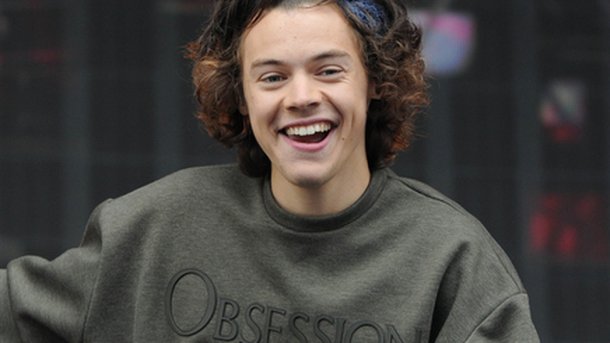 Harry Styles : fan de... tricot !
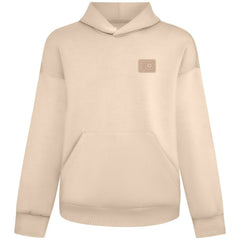 NHL Khaki Philadelphia Flyers Levelwear Unisex Tri-Blend Luxe Signature Hoodie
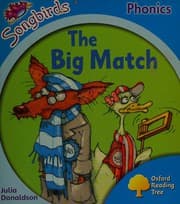 Tapa de The Big Match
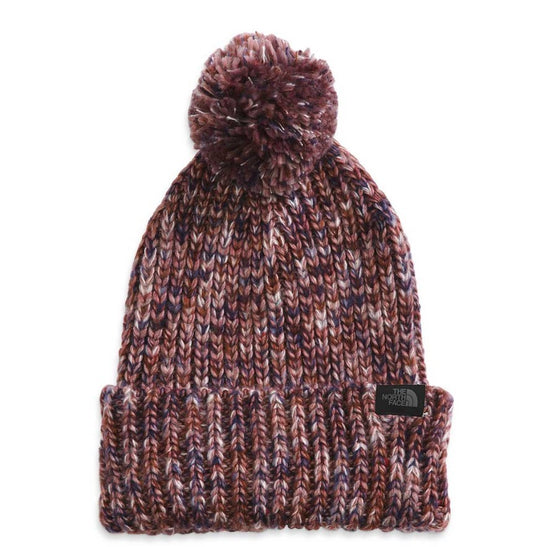 Gorro The North Face Cozy Chunky Wild Ginger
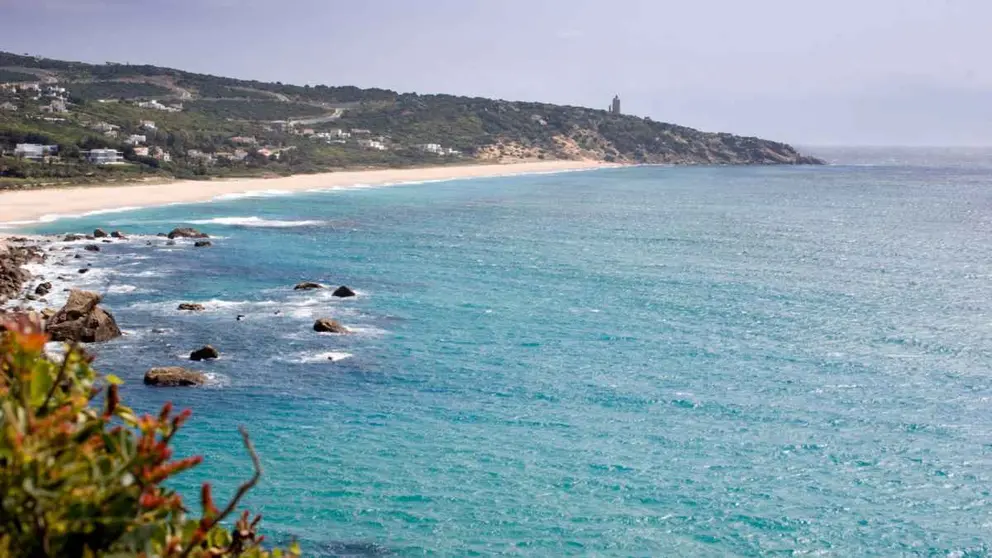 Playa de Zahara de los Atunes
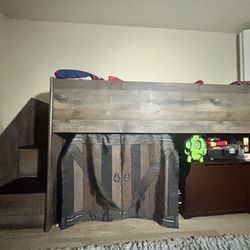 Loft Bed 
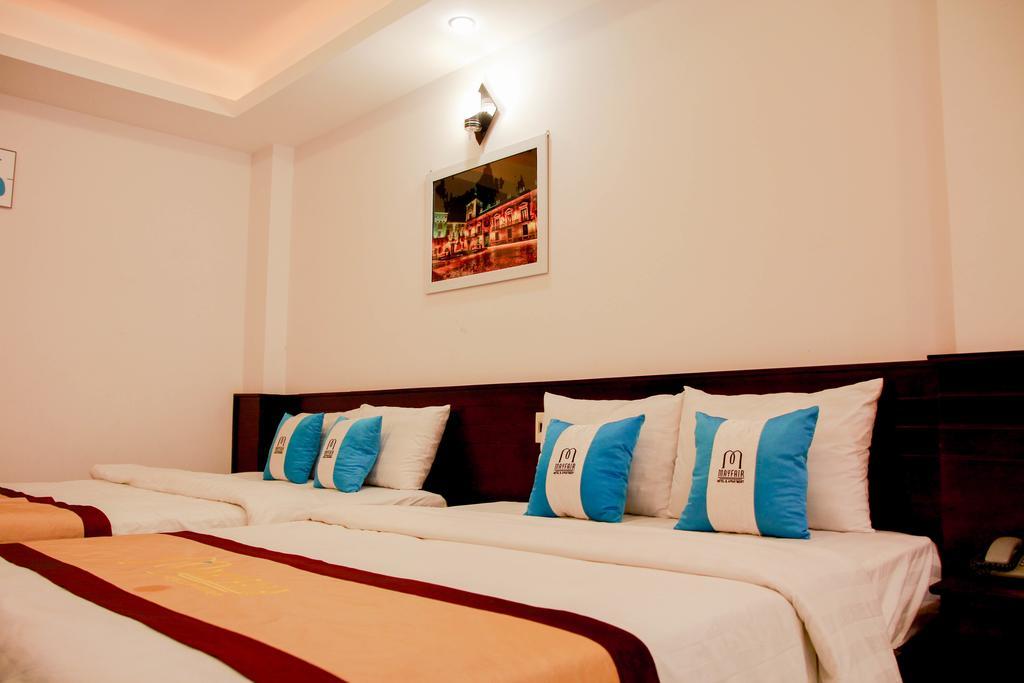 Mayfair Da Nang Hotel Zewnętrze zdjęcie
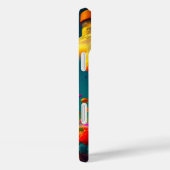 雲アート Case-Mate iPhoneケース (裏面 / 右)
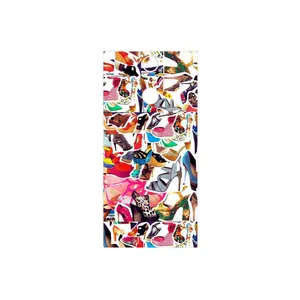 MAHOOT Collage of High heel Shoes Cover Sticker for Sony Xperia XA2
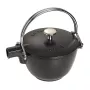 Chaleira assobiadora – 1,15 l, preto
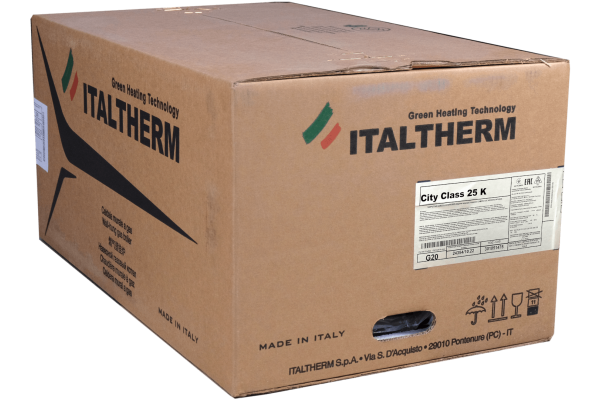 ITALTHERM CITY CLASS 25 K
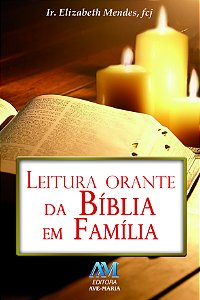 Livro Leitura orante da Bíblia em família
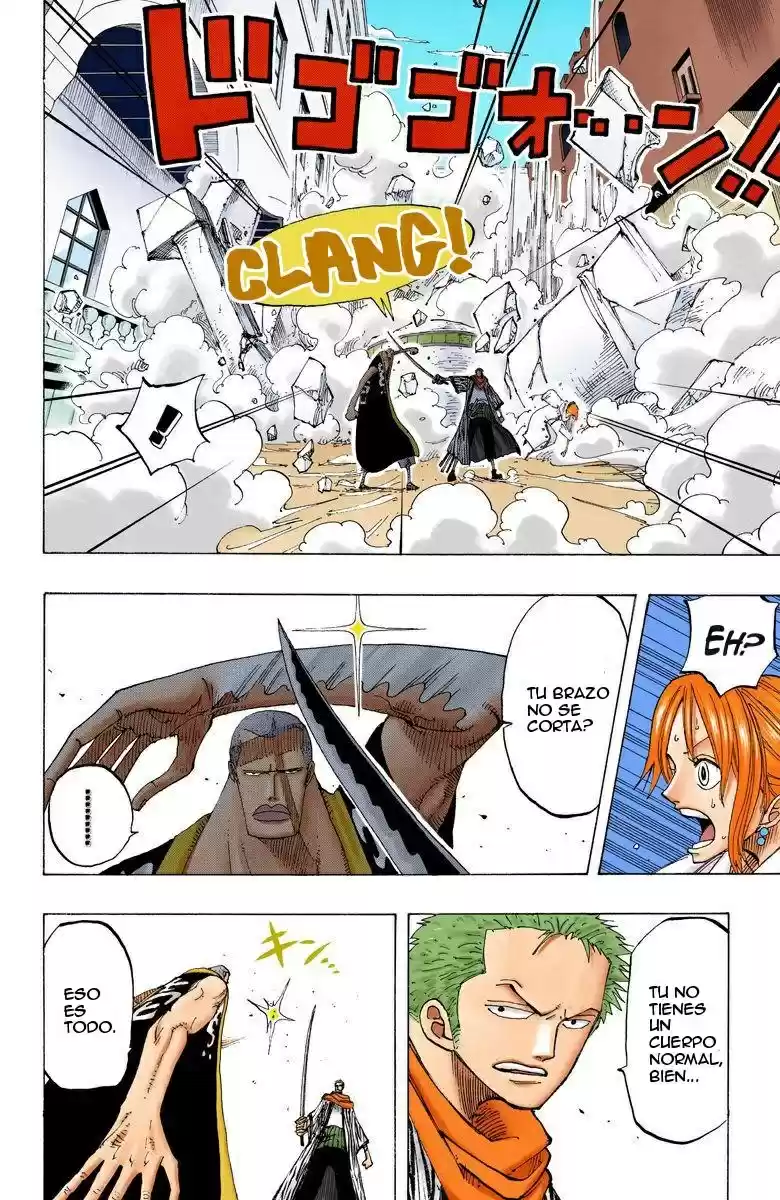 One Piece (full Color) - Capítulo 190 - Página 7 - LectorTMOo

____

_Directions for this task_.
Write out, word for word, the line containing "Tapa de The Big Match" and each line after it to the end of the data, and nothing more. Drop the pictures.

_Solved problem_.
 Tapa de The Big Match
 Gorro The North Face Cozy Chunky Wild Ginger
 Playa de Zahara de los Atunes
 Loft Bed 
 Mayfair Da Nang Hotel Zewnętrze zdjęcie
 雲アート Case-Mate iPhoneケース (裏面 / 右)
 MAHOOT Collage of High heel Shoes Cover Sticker for Sony Xperia XA2
 Chaleira assobiadora – 1,15 l, preto
 ITALTHERM CITY CLASS 25 K
 Livro Leitura orante da Bíblia em família
 One Piece (full Color) - Capítulo 190 - Página 7 - LectorTMOo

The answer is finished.